伊勢新聞

2017年6月26日(月)

▼県の志摩庁舎のスペース貸しに応募どころか問い合わせもなかったのは意外だった。応募がなかった原因を調べて再公募するというのはもっと意外。不動産業者のまね事をするということらしいが、県が権限や特権なしに営利行為をして成功した記憶がない

▼県営鈴鹿スポーツガーデンの命名権(ネーミングライツ)を取得した三重交通に、応募した動機を聞いたことがある。担当は違うが、とある役員。「行政の公募に私どもから応募することはありません。何らかの打診があって検討するということで」

▼20年前の世界祝祭博覧会で、入場券を県関係団体や登録業者などに割り振って問題になった。伊勢志摩サミットの寄付金も、前副知事がらつ腕を振るった。成功の陰に〝権力〟ありで、観光頼りの志摩市で、特に魅力もない庁舎を貸し付け期間3年、利用方法や賃料は「プロポーザル方式で」などと高飛車で公募したのだから、てっきり押しつける当てがあるのかと思っていたが、ゲスの勘ぐりか

▼志摩庁舎は、公用、公共用に供する行政財産。目的外使用は原則禁止。目的を妨げない範囲で許可できるが、私権は制限され、借地借家法の適用なし。
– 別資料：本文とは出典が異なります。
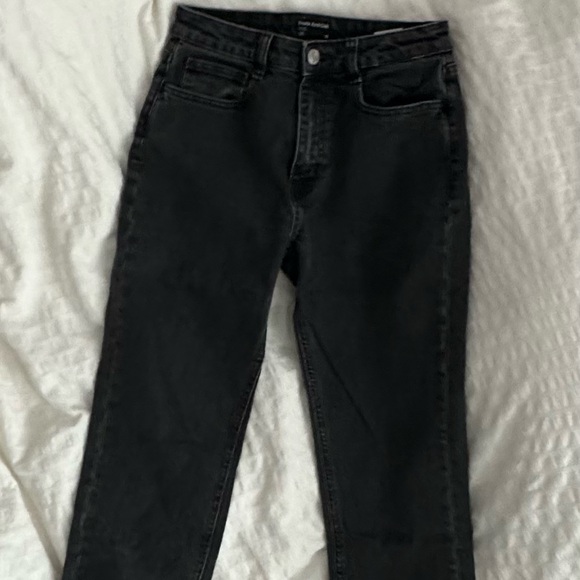 Frank & Oak Washed Black Stevie Jean, tapered fit - Picture 2 of 5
損失補償は求められない。何を好きこのんでというのが民間人の普通の常識だろう

▼歩道橋のネーミングライツ公募も始まったが、イメージ写真の何という魅力のなさ。愛称に「歩道橋」の文字を加える条件は、言葉の意味を知らないのではないかという気になる。目的が「多様な財源確保策」。「ユニークな発想やアイデアで、地域貢献」は桑名市。見習いたい。